Will the staging of King Lear drive everyone mad by the end sending them out screaming into the storm? Will the warring sister/friends kill one another, poisoning their friendship over love and the desire for success? And will Sarah Polley survive the heartbreak of both romantic and paternal love and rejection? Geoffrey loses his footing, twice, in two separate theatres, and finds he must wander out into the wasteland in order to find his Lear. “Now that’s theatre“, as Oliver said Season 1, Episode 1.
Macbeth, and moneyman Terry in ‘Slings and Arrows‘ says, “It is a tale told by an idiot, full of sound and fury, signifying nothing.” but planted inside the New Burbage Festival, it couldn’t be further from the truth. Since I saw that one scene being filmed so many years ago, this television series has been my Shakespearean touchstone, giving me more pleasure time and time again than almost any other television series that I can think of. It makes my heart swell, as well as laugh with joy at its sharp wit and astute observations. When I see one of these four plays that exist inside ‘Slings and Arrows’, I can’t help but reflect on the intense joy and serious love that exudes from Geoffrey Tennant when he digs into the meaning of some Shakespearean text.
It has elevated my understanding of these “difficult” plays, and what it means to be enlivened by the attempt. I love the two older gentlemen, Cyril (Graham Harley) and Frank (Michael Polle) who sing and ring in the (brilliantly crafted) opening and closing numbers for each of the three seasons with a grand pub song. And even though the ending of the series leaves me sad and upset, I must confess I tear up when those same two older actors plead with Geoffrey to continue making great art at the Festival. “No, I’ve given my whole life to this place. I’ve been here ever since it’s been under a tent. I’ve played every Duke, Lord, and First Messenger, everyone in the canon, and finally, after all that, this year I made it to Broadway.” “Sean Penn finally got to see our Shakespeare, thanks to you.” “Thanks to you. Yes. You can’t leave.” It is every bit the heartbreak that I feel in those closing episodes, and the reason this show, after all these years, is still a must-see experience.

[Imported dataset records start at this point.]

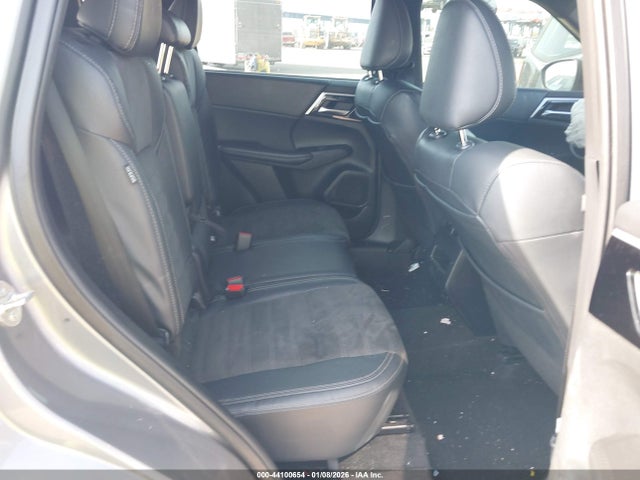 44100654 :رقم المزاد ، JA4J3UA80PZ030123 vin ، 2023 Mitsubishi Outlander Se 2.5 2wd/se Black Edition 2wd/se Special Edition 2wd مزاد بيع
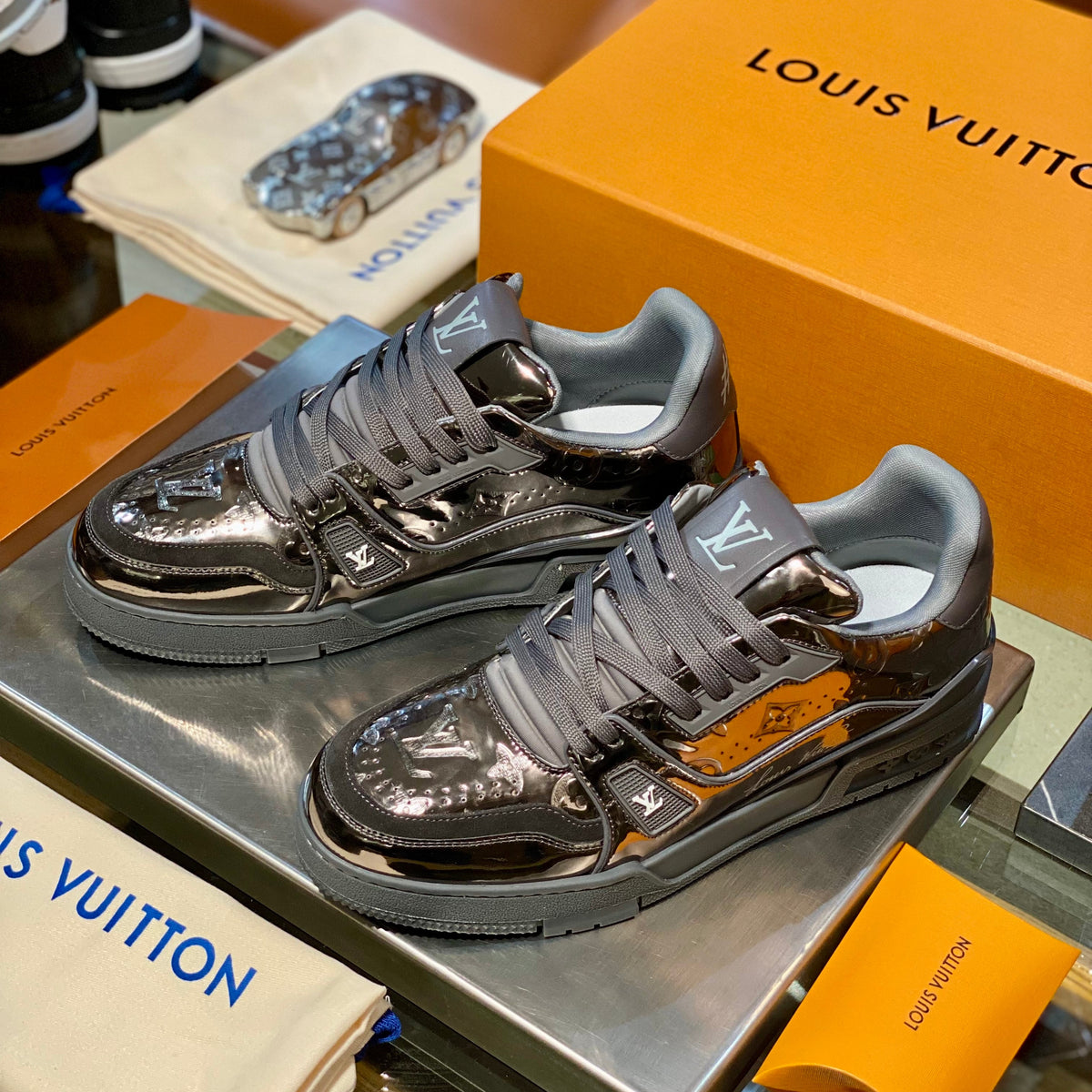 LOU TRAINERS
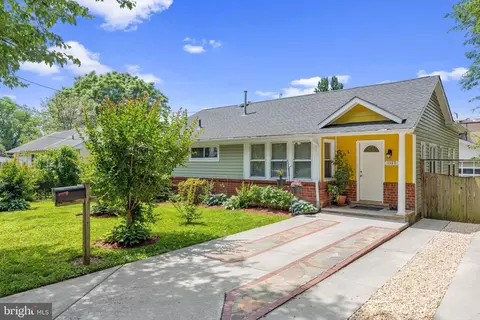1127 Lewis Ave, Rockville, MD 20851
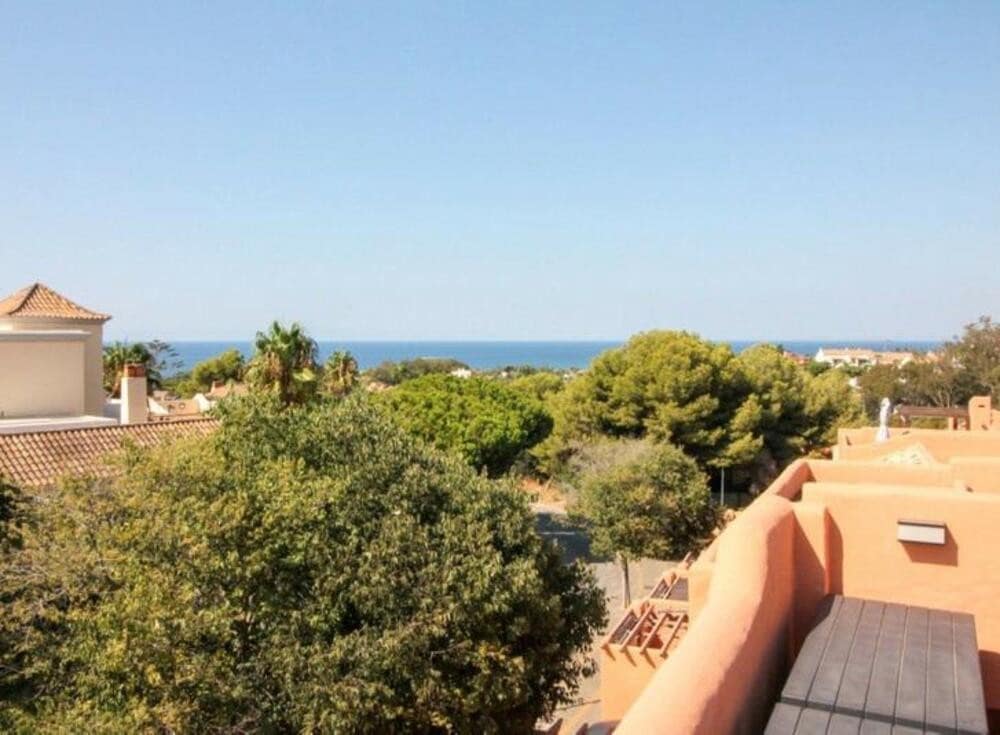4 soverom Hus til salgs i Marbella med svømmebasseng garasje - € 495 000 (Ref: 9180761)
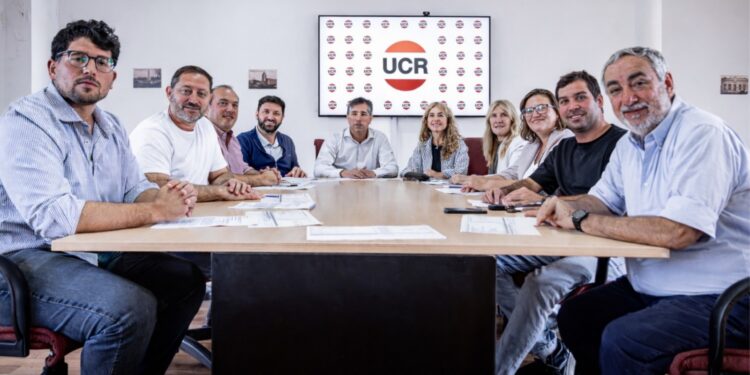 CON INTENDENTES Y LEGISLADORES LA UCR RECORRE LA CUARTA Y CONSOLIDA SU VOLUMEN POLÍTICO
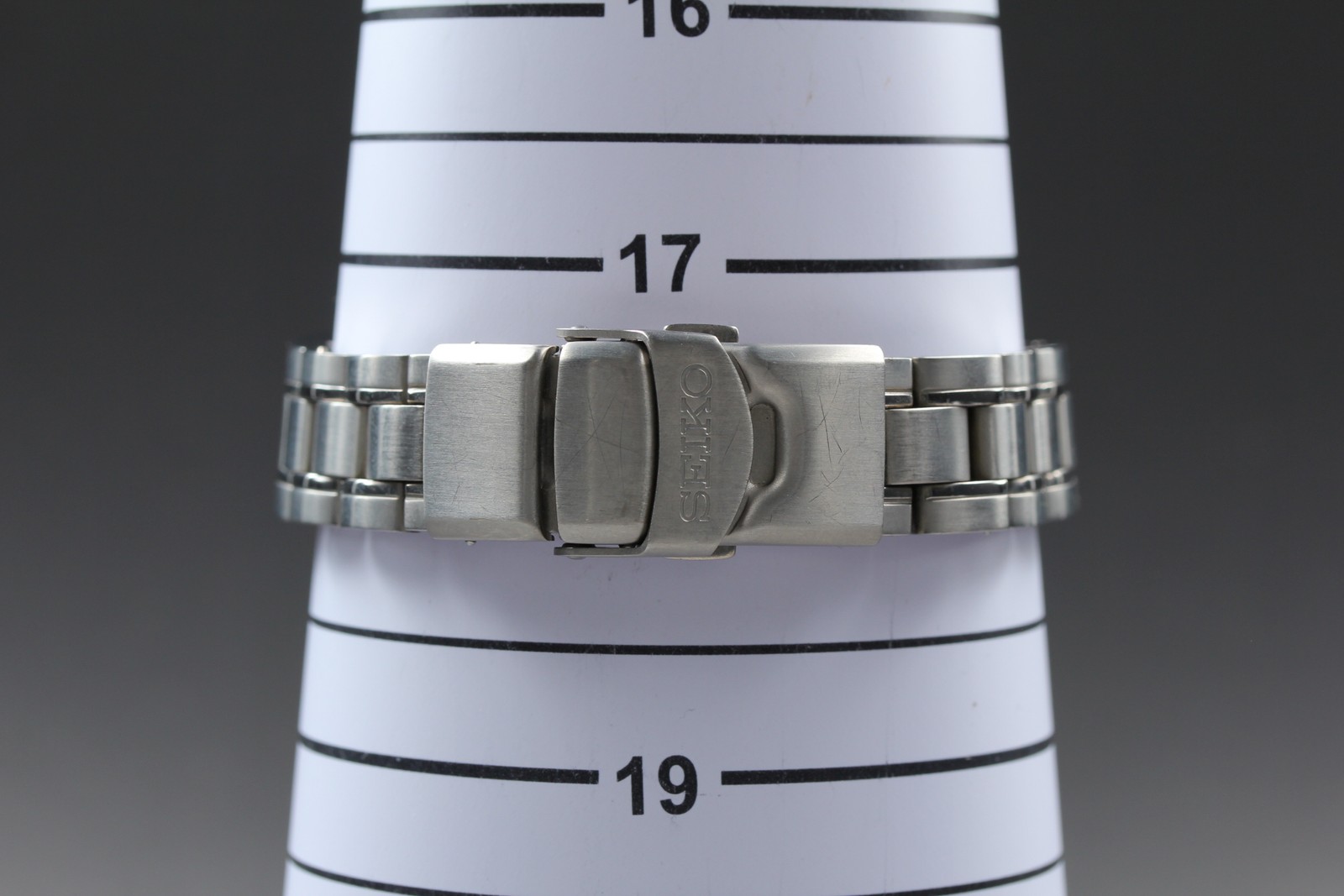[N MINT w/ BOX] SEIKO Prospex Diver’s V147-0AW0 Titanium 39mm Solar Men’s Watch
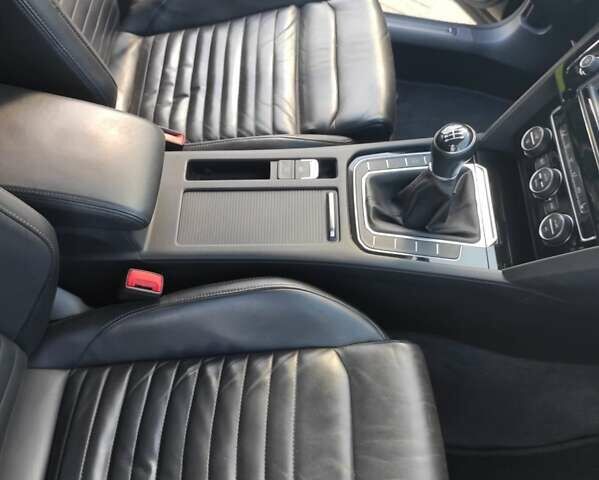 Коричневый Фольксваген Пассат, объемом двигателя 1.6 л и пробегом 207 тыс. км за 13500 $, фото 68 на Automoto.ua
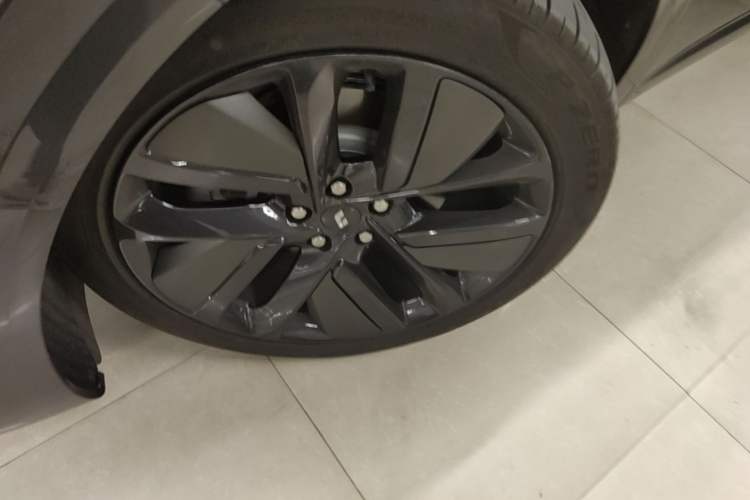 Used Li Auto L6 2024 Pro Model Left Front Wheel Hub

It will change how you see theatre, and those that try with all their might, against all odds, to make theatre that matters, to make theatre that makes us smile and laugh, but most of all, to make theatre that touches our heart and our soul. It broadening our life experiences with one another and deepening our collective artistic spirit, and it’s what we most need in our world, especially now. So please, if you haven’t seen it, watch it, but take your time, it’s an experience to savor with delight and love.
“Best of luck with what’s left of your lives.”